How to Optimize Code - a General Approach and Principles

In case it is of use, some general practices and principles to guide work on optimizing source code to perform better.

Essentially, optimization work involves a combination of:

a) working from principles - for example, examining the algorithm, calculating the O notation, and re-thinking the algorithm.

b) working from empirical testing - conduct a performance test, ideally with a profiler. Observer the results before and after any code change.

Both techniques are essential!

1. Try to get data that is as close as possible to Production, both in terms of volume and structure.

2. Use a profiler to find the bottlenecks in the code - ideally on hardware that is close to what is in Production.

3. Review the code. A good code review can identify likely places to optimize. Ideally, calculating O notation for the algorithm. 

3b. One heuristic is that simpler code tends to perform better, although of course this is not guaranteed.

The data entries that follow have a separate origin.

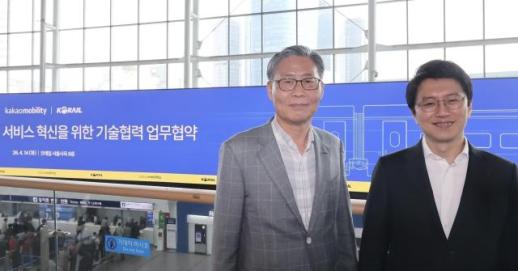 Thời đại AI cho đường sắt: Kakao Mobility mở rộng hợp tác với Korail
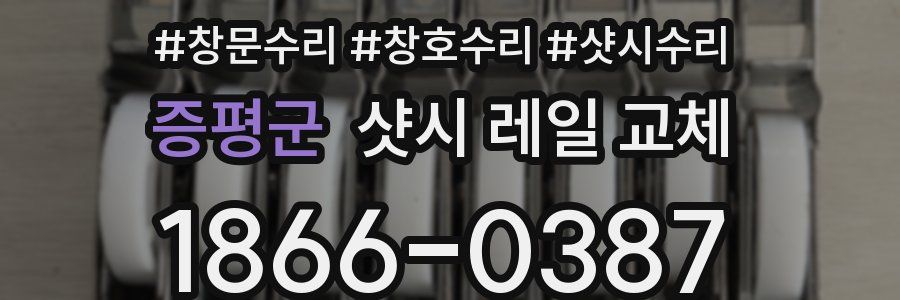증평군 샷시 레일 교체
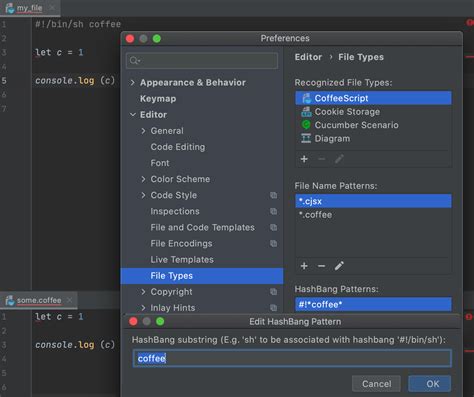 File Type Association に対する画像結果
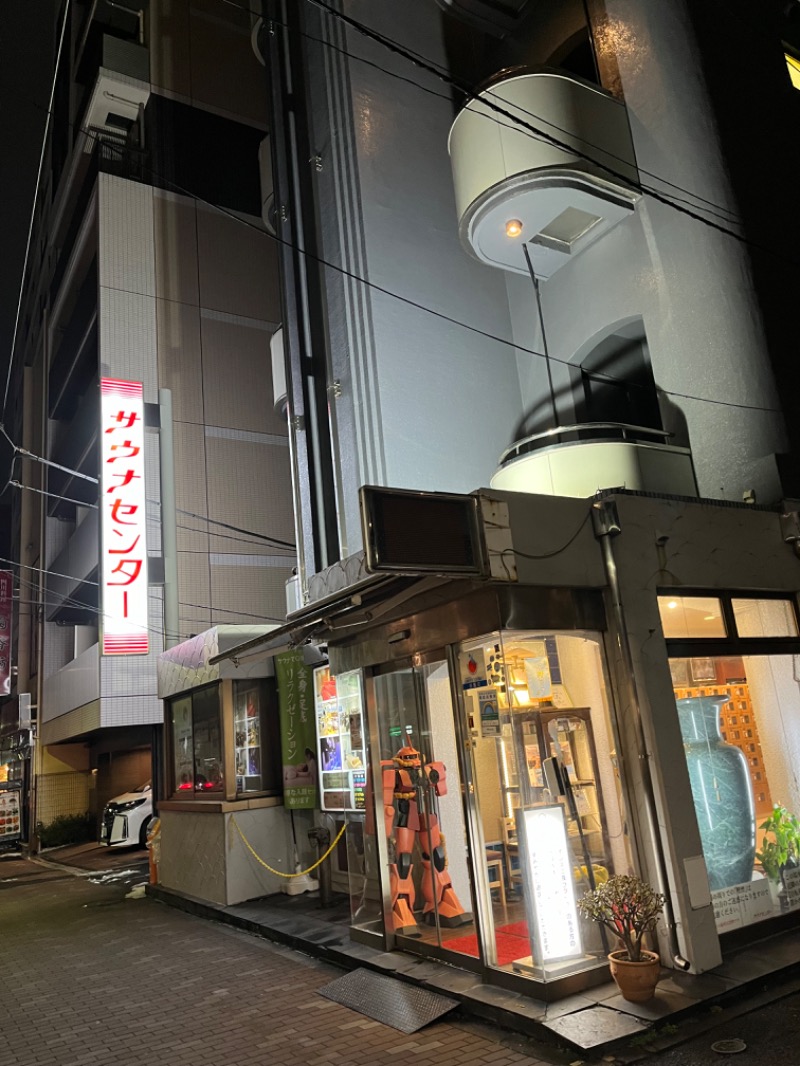 下町サウナーさんのサウナセンター鶯谷本店のサ活写真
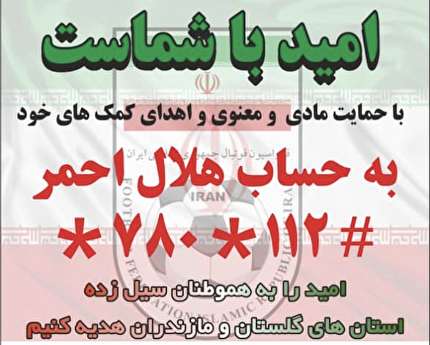 اميد با شماست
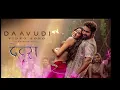 Daavudi - దావూదీ Video Song | Devara | NTR | Janhvi Kapoor | Koratala Siva | Anirudh | T sultana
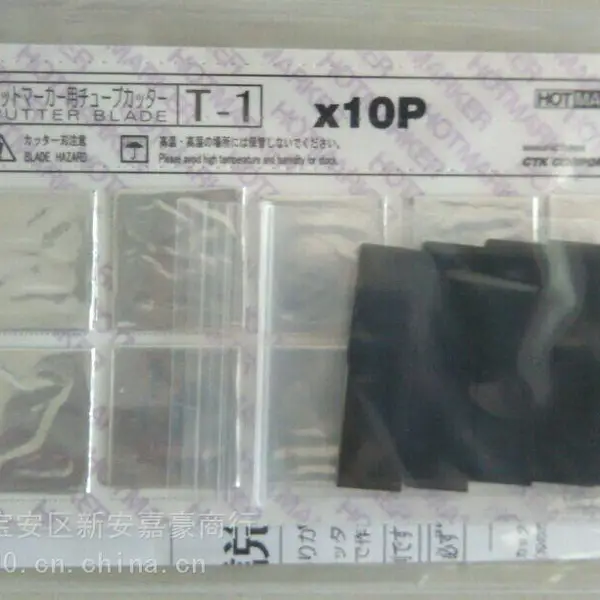 CUTTER BLADE T-1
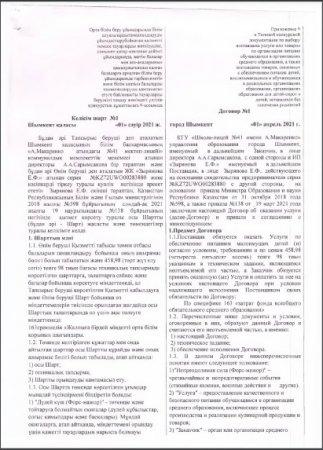 Келісім шарт, сәуір 2021ж.
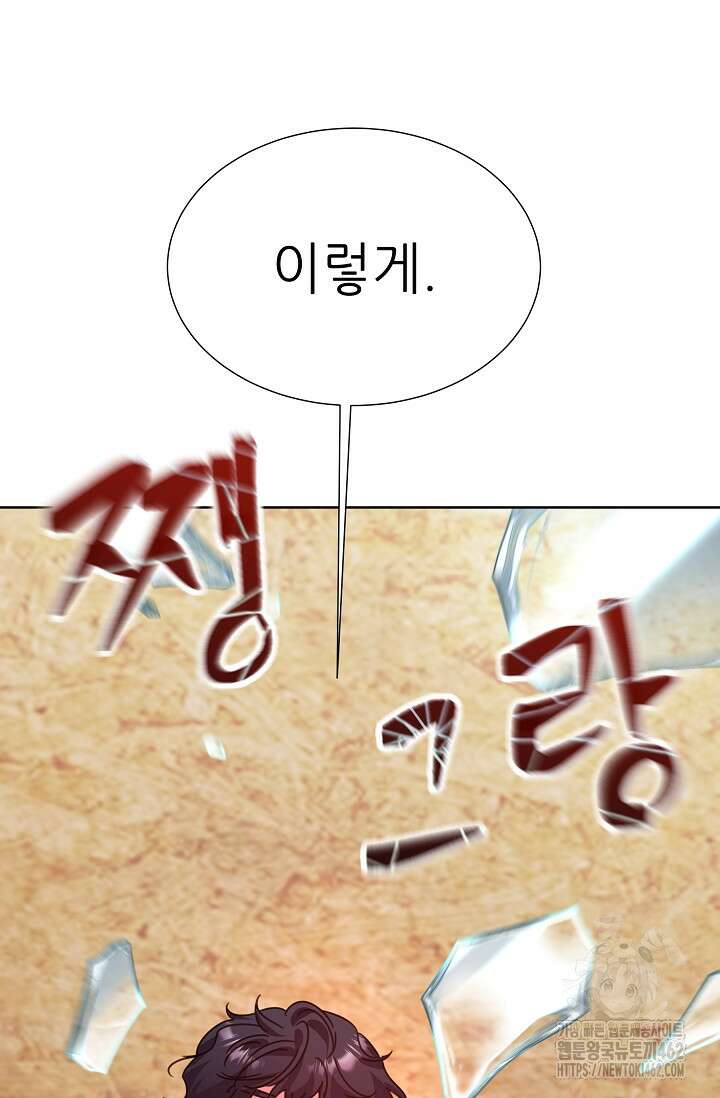 다시 한번 아이돌 154화 5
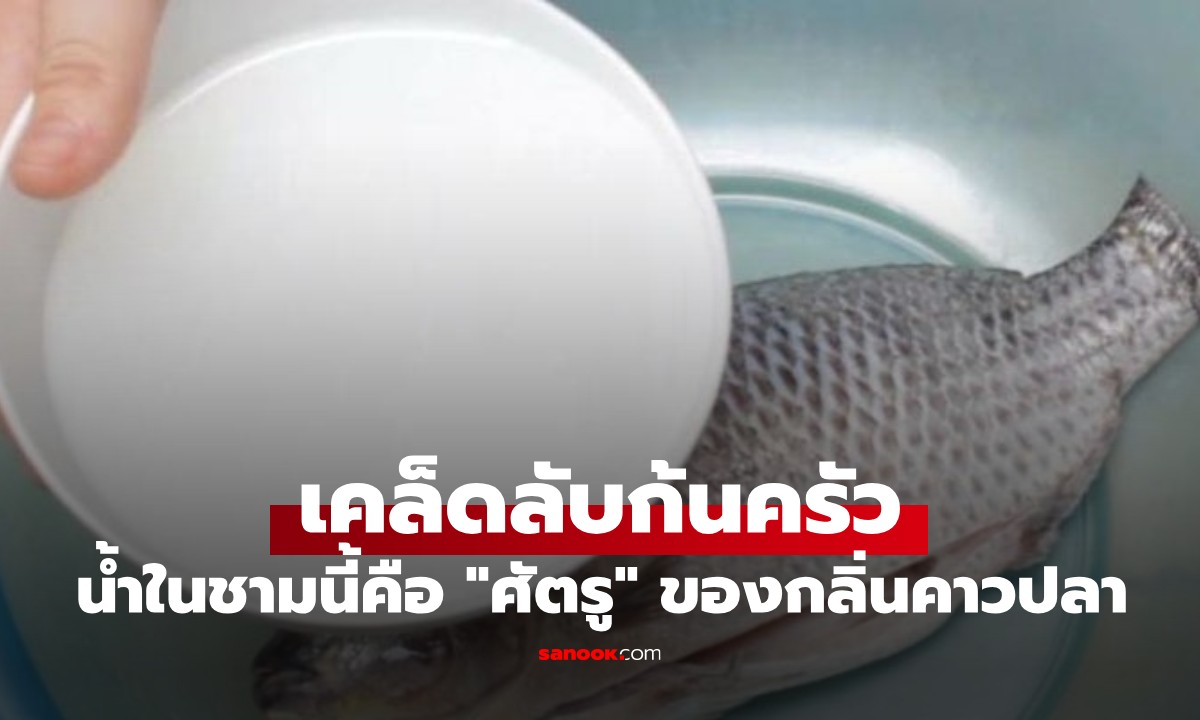 น้ำในชามนี้คือ "ศัตรู" ของกลิ่นคาว แช่ปลาลงไป กลิ่นคาวจะหาย เนื้อปลานุ่มและหวาน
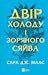 Двір холоду і зоряного сяйва (Двір шипів і троянд, #3.5)
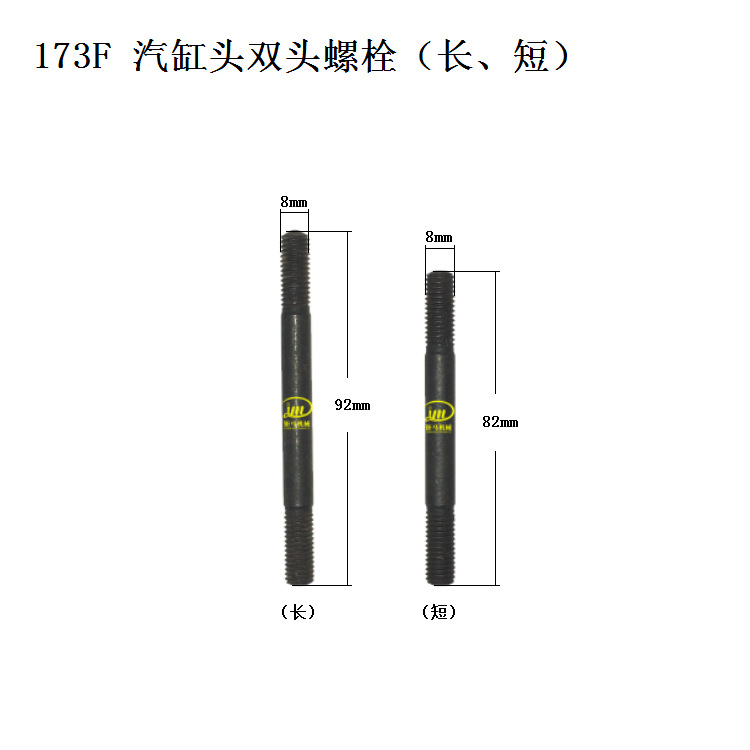 微耕机农机配件 动力汽缸头配件 汽缸头双头螺丝 173/178/186/192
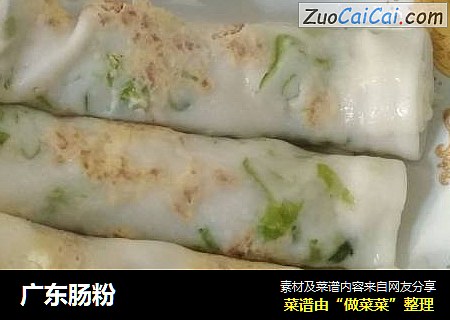 广东肠粉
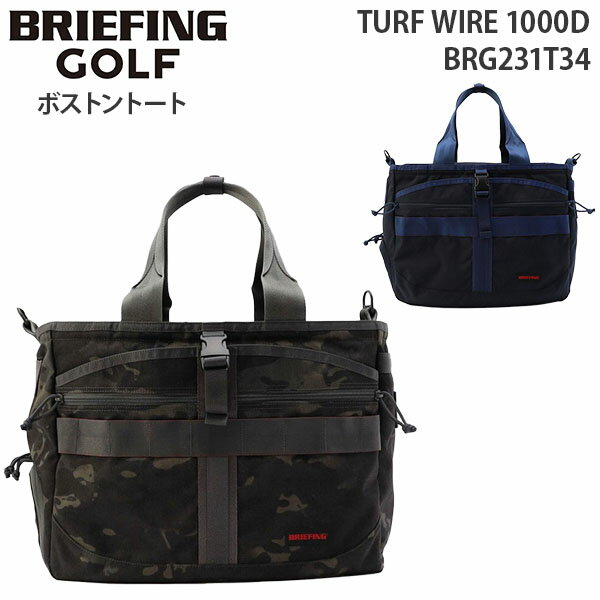 【各種利用でポイント最大24倍！】 BRIEFING GOLF TURF WIRE 1000D ブリーフィング ゴルフ ターフ ワイヤー 1000デニール トート ボストンバッグ ショルダー 大容量 旅行 BRG231T34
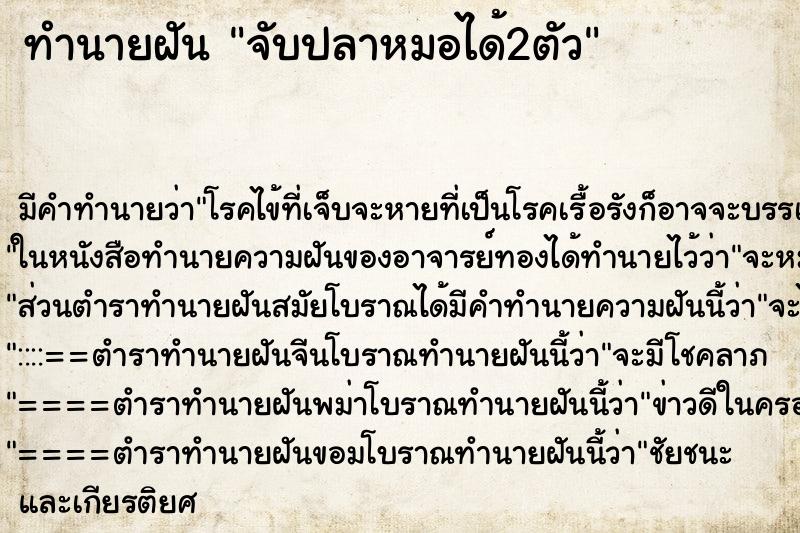 ทำนายฝัน จับปลาหมอได้2ตัว ตำราโบราณ แม่นที่สุดในโลก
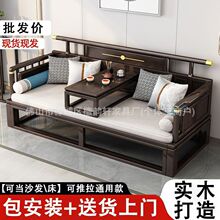 新中式实木沙发床罗汉床古典中国风禅意小户型客厅伸缩推拉床两用
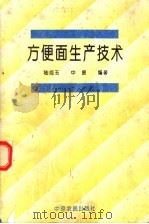 方便面生产技术（1994 PDF版）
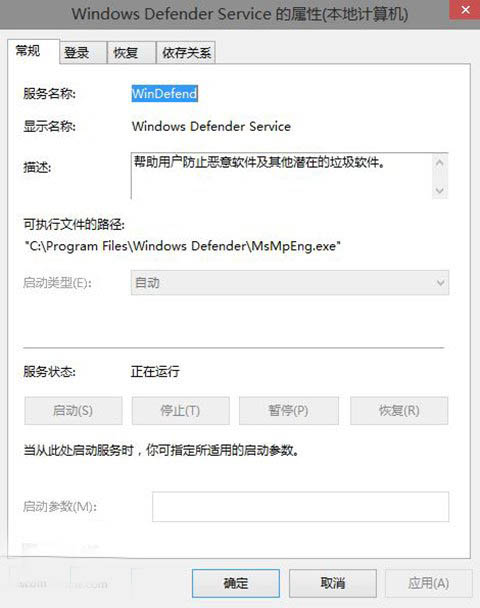 解决Win10预览版Windows Defender无法启动的办法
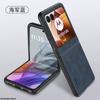 Чехол для Motorola Razr 70 60 50 Moto Razr 2026 2026 2026 Чехол Простой Матовый Полосатый Кожаный Чехол для Телефона из ПУ Ударопрочный Бампер
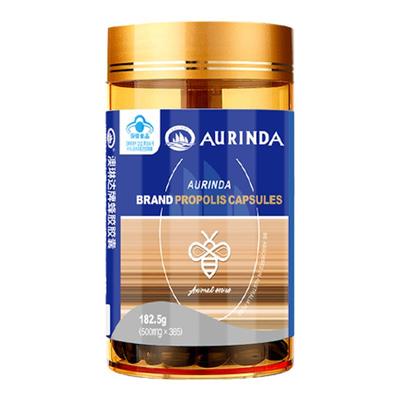 澳琳达澳洲进口蜂胶胶囊免疫调节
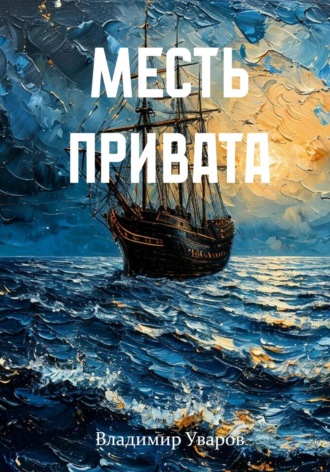 Владимир Уваров. Месть привата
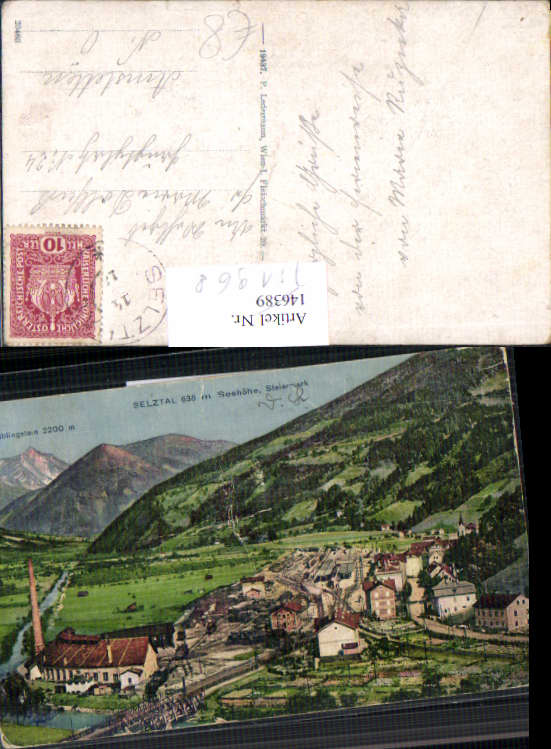 alte Ansichtskarte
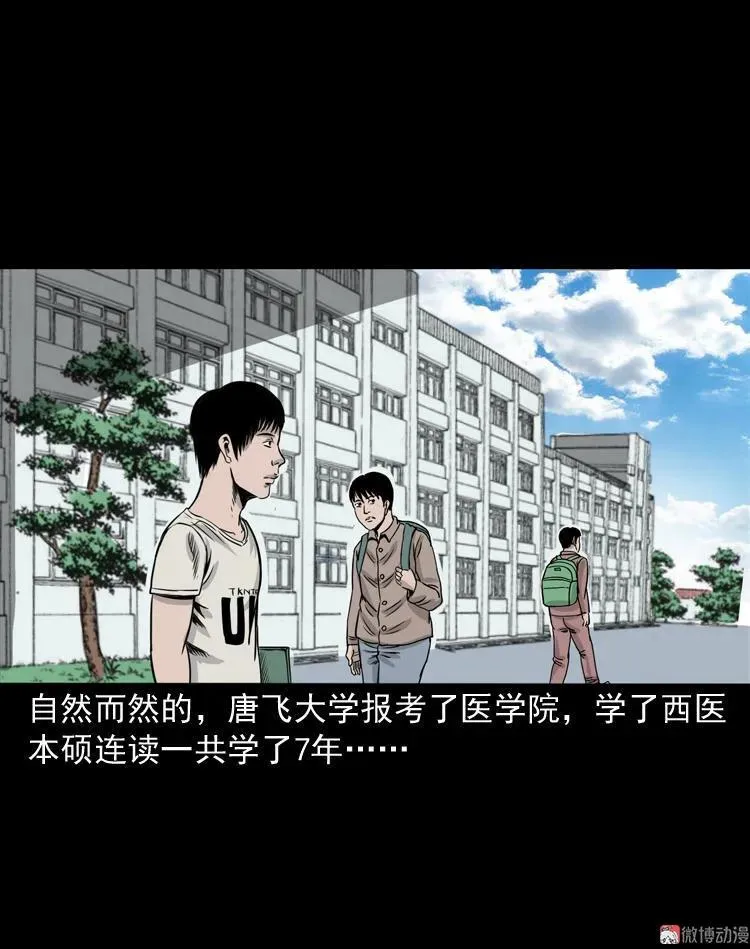 尸斑4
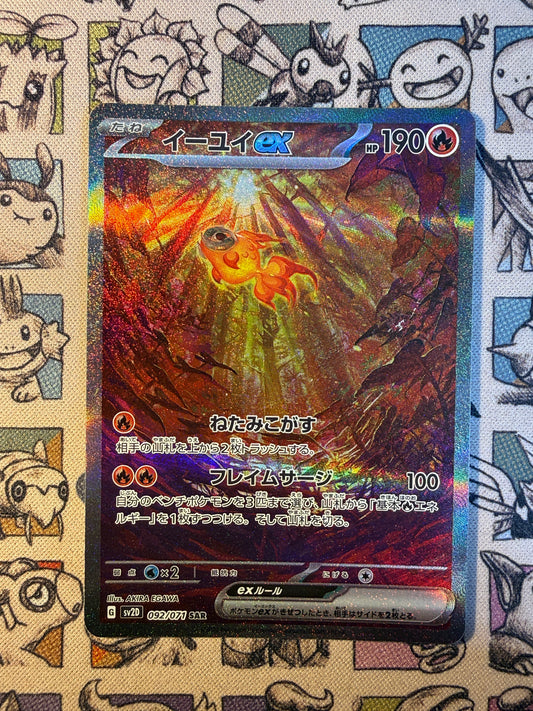 Yuyu ex 92 Clay Burst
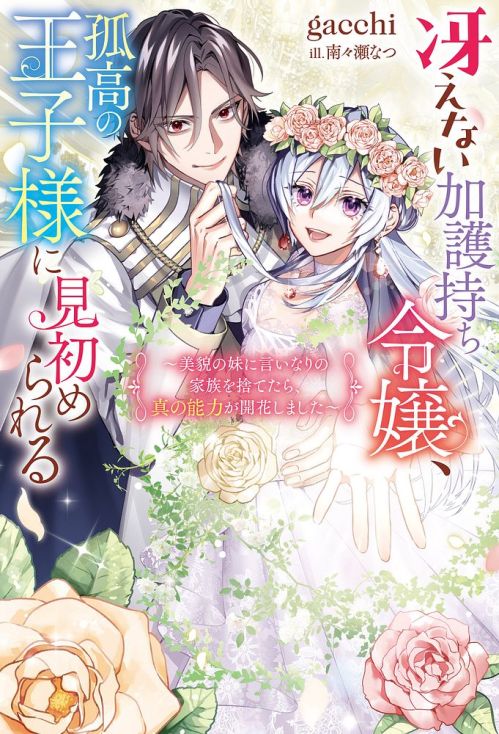 Cover Saenai Kagomochi Reijou Kokou no Ouji-sama ni Misomerareru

4. Optimise the worst performance problems first, following profiling or if that is not possible then following code review. This maximises the return on investment and reduces the risk of introducing bugs or further performance issues with different data. 

5. Avoid optimising without first measuring the benefit - otherwise such changes can introduce accidental complexity and may in fact make performance worse under different conditions. This is somewhat similar to “avoid premature optimisation”…

5. Principle: avoid un-necessary work. For example, if only comparing sizes, then there is no need to have the exact size. Example: if need to compare is Circle-1-radius greater than Circle-2-radius, and the Areas are already known, it is enough to compare the Areas, there is no need to calculate the Radius.

6. Execute cheaper operations first. In particular if boolean AND logic (&&) is involved then the cheaper comparisons will short-circuit out the more expensive comparisons, provided the cheaper comparisons are done first.

7. Principle: avoid repeated work. This includes simply avoiding re-iterating the same collection. Also this includes iterating over shorter collections first!

7. Principle: always re-test the performance - do not make assumptions about the possible performance benefit. Even experienced developers find it difficult to predict the impact of a code change on performance, especially if a lot of legacy code is being reused OR if data sets vary a lot.